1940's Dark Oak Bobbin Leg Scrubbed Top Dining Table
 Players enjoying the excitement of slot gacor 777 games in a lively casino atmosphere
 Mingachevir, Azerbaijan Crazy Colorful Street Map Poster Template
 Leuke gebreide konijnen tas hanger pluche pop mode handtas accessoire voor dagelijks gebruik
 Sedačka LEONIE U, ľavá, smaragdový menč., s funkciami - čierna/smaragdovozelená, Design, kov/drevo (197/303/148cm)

**Exercise description**
The line that contains "Mingachevir, Azerbaijan Crazy", the final line of the listing, and every line between them are to be retyped exactly; nothing else.

**Solution to the exercise**
 Mingachevir, Azerbaijan Crazy Colorful Street Map Poster Template
 Leuke gebreide konijnen tas hanger pluche pop mode handtas accessoire voor dagelijks gebruik
 Sedačka LEONIE U, ľavá, smaragdový menč., s funkciami - čierna/smaragdovozelená, Design, kov/drevo (197/303/148cm)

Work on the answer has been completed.